On 11/28/2014 08:06 AM, Wilco Dijkstra wrote:
> Hi,
> 
> I noticed there is something odd with the definition of isinf in GLIBC: it returns the sign of the
> infinity in the result. This is bad as neither C99 nor C++11 define this, so any software written to
> take advantage of this will silently fail when a conforming implementation is used. Checking for the
> sign of an infinity is rarely needed, and it is even rarer to be performance critical. A grep
> through GLIBC revealed only a few uses in the printf code - all of which could be trivially fixed.
> It also means we could remove the __isinf_ns(f/l) variant and make it the default as this version is
> C99/C++11 conforming and is simpler/faster as a bonus.

How much faster? Could you add a microbenchmark for isinf for
all supported types and measure? See glibc/benchtests/README.

The fact that you stand to make it faster for standards
conforming applications is the only reason we might make
some kind of change.

Without performance numbers the present implementation meets
the requirements of the standard and is documented in the
glibc manual.
 
> So the question is why was this done? Is there a really convincing reason to keep the odd behaviour,
> and only for isinf (not for isnormal, isfinite, isnan)? Is there a reason to support 2 separate
> implementatons of isinf (eg. keep a __isinf_sign that has the existing behaviour)? Do we know
> whether this "feature" is used anywhere?

Roland probably thought it was a good idea in 1995 :-)

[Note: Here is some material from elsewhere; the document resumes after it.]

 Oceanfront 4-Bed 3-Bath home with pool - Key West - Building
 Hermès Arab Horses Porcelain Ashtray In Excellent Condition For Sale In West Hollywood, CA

Given that the present implementation has been around
and documented for ~20 years, it will absolutely have to
stay around forever.

The only way I see this working is math/math.h changing
the selected implementation based on the standard option
selected by the compiler with defaults being the present
behaviour, and -std=c99 or others selecting stricter
conforming behaviour from a new set of functions.

Cheers,
Carlos.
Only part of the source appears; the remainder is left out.